Heimatforscher und Historiker, Häuser-Retter und dazu eine eigene Reihe beim Bayerischen Fernsehen: Adrian Roßner aus Zell im Fichtelgebirge vermittelt mit großer Leidenschaft, was seine Heimat besonders macht – und das mit gerade einmal 30 Jahren.

Wenn man Wein mit Familiennamen (und Sisi mit Vornamen) heißt, passt es wunderbar, wenn man über den Frankenwein schreiben darf. Und über Frankens kulinarische Besonderheiten. Über Natur, Traditionen und Kultur. Und vor allem über die Menschen, die das Urlaubsland so besonders machen. Das tue ich, seitdem ich vor rund 20 Jahren als Journalistin vom Bayerischen Wald in den Naturpark Altmühltal gezogen bin. So vereint meine Arbeit zwei meiner Lieblingsdinge: Schreiben und Reisen – denn noch immer ist jeder Recherche-Besuch in Franken wie Urlaub, bei dem unglaublich spannende und gastfreundliche Menschen meinen Horizont erweitern.

Mit den Hausbesuchen begleiten wir Einheimische bei ihrem täglichen Wirken im Urlaubsland Franken. Heute lasse ich mich von Adrian Roßners Geschichten aus dem Fichtelgebirge begeistern.

Adrians G’schichtla“: So heißt die Reihe des jungen Zellers – mit vollem Namen Adrian Roßner – die seit 2018 im Bayerischen Fernsehen (BR) ausgestrahlt wird. Über 30 Folgen waren im Rahmen der Sendung „Wir in Bayern“ bereits zu sehen und stehen in der BR-Mediathek zur Verfügung. Seine fünf bis zehn Minuten langen „G’schichtla“ mit Themen aus dem Fichtelgebirge sind sehr beliebt, was Adrian nicht nur als persönlichen Erfolg wertet, sondern als Gewinn für das ganze Fichtelgebirge: „Ich will zeigen, wie unglaublich spannend die Landschaft vor der eigenen Haustür ist“.

Als Intro für seine „G’schichtla“ dient die Titelmelodie von „Indiana Jones“. Wie der berühmte Kinoheld ist Adrian Roßner auf der Jagd nach Schätzen, die in der Geschichte verborgen liegen: Er erzählt von der bedeutenden Textilindustrie im Fichtelgebirge und sitzt dafür selbst am Handwebstuhl im Münchberger Heimatmuseum, klettert im Selber Schausteinbruch herum oder zeigt die Schönheit des Hofer Königssaals, von dem selbst viele Einheimische nichts wissen.
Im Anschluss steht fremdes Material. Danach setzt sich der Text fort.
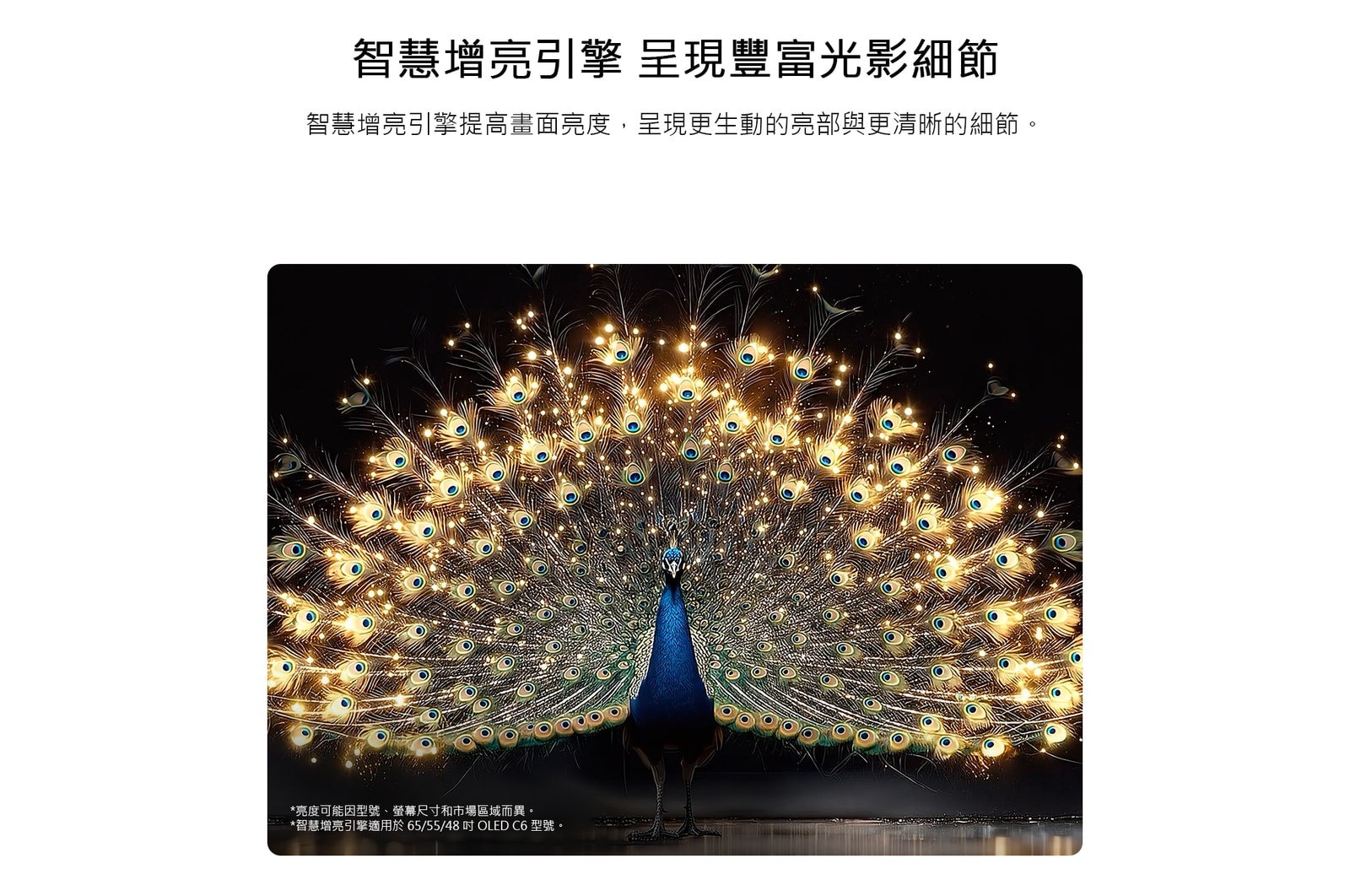 展示 LG OLED evo AI C6 搭載智慧增亮技術，顯示昏暗的場景，畫面中一隻光彩奪目的孔雀舒展它光芒四射的羽毛，呈現更明亮的亮部、更細膩的細節和驚人的對比。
Dem jungen Historiker geht es darum, gerade den kleinen Dingen Wertschätzung entgegenzubringen. Bestes Beispiel sind die kunstvollen und bunten „Badderla“: Diese Glasknöpfe wurden rund um den Ochsenkopf bereits im 15. Jahrhundert hergestellt und erfuhren nach dem Zweiten Weltkrieg einen Innovationsschub, als sich böhmische Glasmacher im Fichtelgebirge ansiedelten.

© Hartmuth Raabe

Überhaupt hat Adrian Roßner ein großes Faible für die Industriegeschichte. „Das hat schon begonnen, als ich klein war“, erzählt er. „Sobald eine Dampfmaschine in der Nähe war, hat mich nichts mehr gehalten.“ Im Vergleich mit anderen Themenbereichen wird die Industriegeschichte jedoch oft stiefmütterlich behandelt. „Das liegt unter anderem daran, dass hier nicht Prachtbauten im Mittelpunkt stehen. Aber historische Zeugnisse müssen nicht immer schön sein, um große Bedeutung zu haben“, betont er.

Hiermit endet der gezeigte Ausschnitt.